Transferred from: https://www.cnblogs.com/sheeva/p/6406285.html
Introduction
As a preference for Windows programmers, in the past do text processing is always like under Windows with notepad++ and other graphical tools, such as sometimes need to put a Linux server file a global string replacement such a simple operation, You have to go down to the local editor and pass it back. These two days bought this "bird elder brother's Linux private dish", finally quiet heart system learning a bit of Linux under the text processing, feel actually not imagined difficult, if earlier learned to save a lot of time certainly far more than the time spent studying.
Overview
Let's talk about what this article is about:
- Simply review the regular expression, and if you are familiar with the regular, at least know that the regular is divided into basic regular and extended regular can skip that part.
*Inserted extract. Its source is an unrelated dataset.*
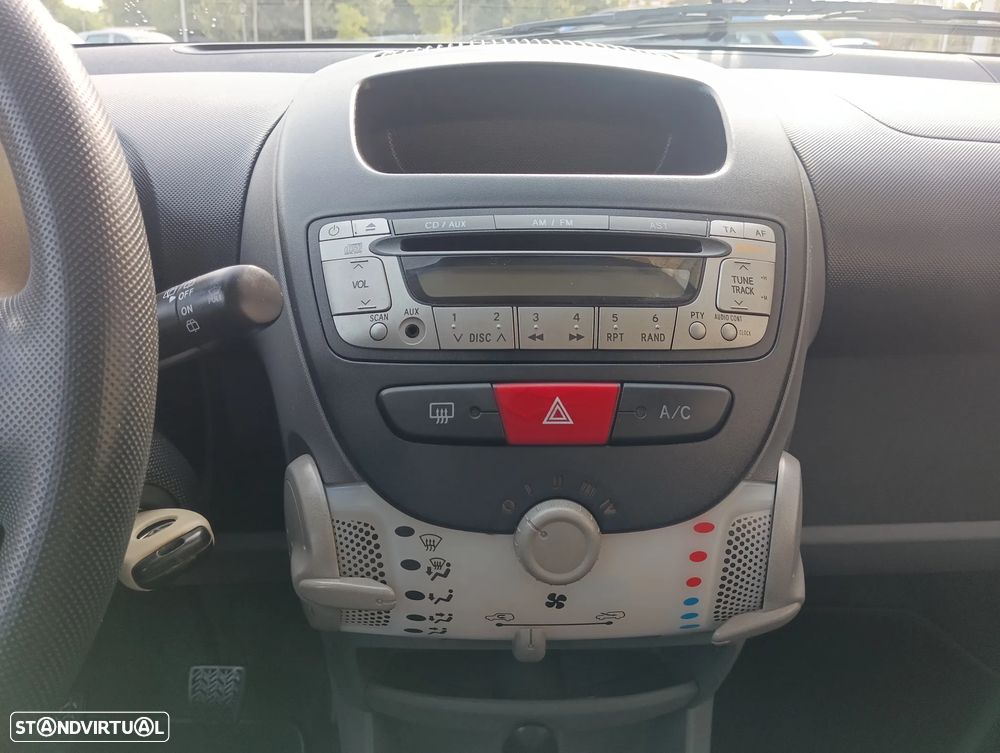 Toyota Aygo 1.0 Plus+VSC - 9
- The main body of this article: 4 Linux Text Processing commands: grep, sed, printf, awk.
The following officially begins.
Regular Expression Review
This part is for the regular expression of the reader to briefly review the regular expression, if you have not learned the regular expression of the reader suggested first to find relevant information to learn the regular expression and then look at this article.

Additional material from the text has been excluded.